You can customize the VI window title to make it more descriptive than the VI filename, which is important for localized VIs. You can localize the VI window title, which is not governed by file-system naming constraints and is still recognized by the VIs that might call it because the calling VI references the subVI by its filename, not its title. Use the export/import tools to localize the window title, or use the Window Appearance page of the VI Properties dialog box to manually change the VI window title while you edit a VI. You also can use the VI Server to change the VI window title programmatically.

Period and Comma Decimal Separators

By default, LabVIEW adapts to use the appropriate decimal separator on your operating system preferences, which affects the display of numbers within controls and the operation of functions that convert between numbers and strings. This causes problems when passing numbers as strings to instruments or parsing instrument output strings.

Note  (MathScript RT Module) When using LabVIEW MathScript, you cannot use a comma as a decimal separator. You must use a period as a decimal separator.

The following functions use the operating system settings by default. To use a period, you must wire a False value to the Boolean input called Use System Decimal Point (+).

  • Fract/Exp String To Number
  • Number To Fractional String
  • Number to Exponential String
  • Number To Engineering String

For the functions that take a format string, the %x; format code, where x represents the separator character, can be used to specify the decimal separator for that specific call.

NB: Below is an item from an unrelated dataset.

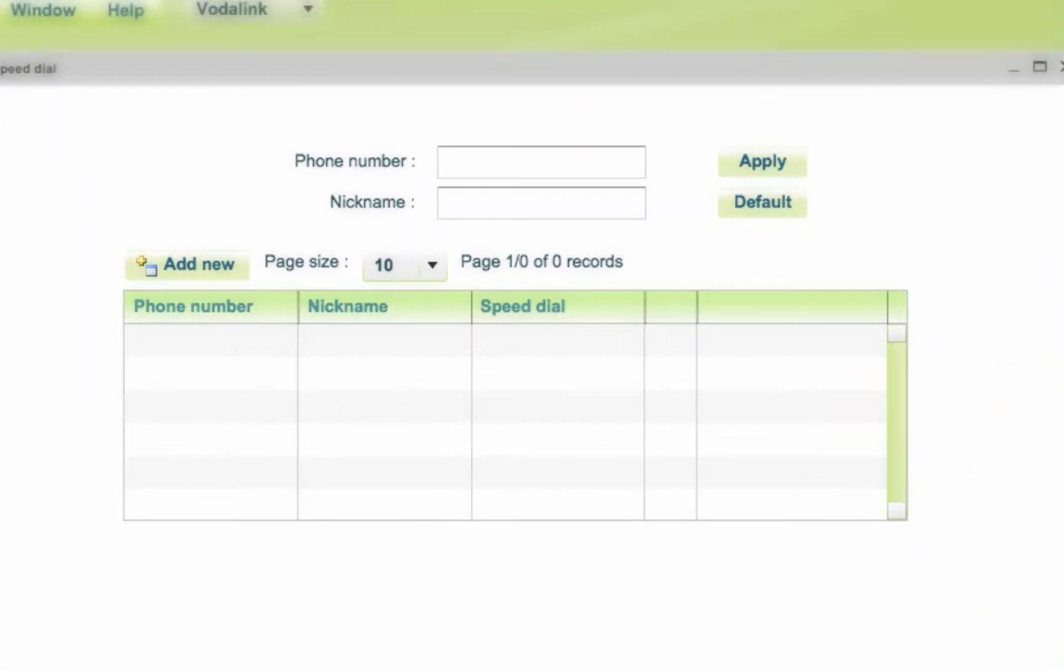Speed Dial is the option that allows you to dial quickly the number of your choice. To do so, you must click the Add New button.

These functions include:

  • Format Into String
  • Scan From String
  • Format Value
  • Scan Value
  • Array To Spreadsheet String
  • Spreadsheet String To Array
  • Read Delimited Spreadsheet

Select Tools»Options, select Front Panel from the Category list, and place a checkmark in the Use localized decimal point checkbox to specify whether to use the system settings (locale) for the decimal separator or a period.

Displaying Date and Time Values as Strings

You can set the display format of date and time for strings by using the Format Date/Time String function by default. LabVIEW reads the operating system settings and displays the date/time representation appropriate for the current locale. LabVIEW returns abbreviated weekday and month names as numeric values for systems that do not support abbreviated names, such as Chinese and Korean. You can customize the display by selecting Display Format from the shortcut menu.

Time and Date Format for Controls

Use the time stamp control to use, view, and store absolute time with high precision. You can select a custom-fixed format or use a system (locale-specific) format by selecting Display Format from the shortcut menu and configuring the Display Format page. You also can use a numeric control to display time stamp values, but the numeric control holds a relative quantity. The time stamp control holds an absolute quantity.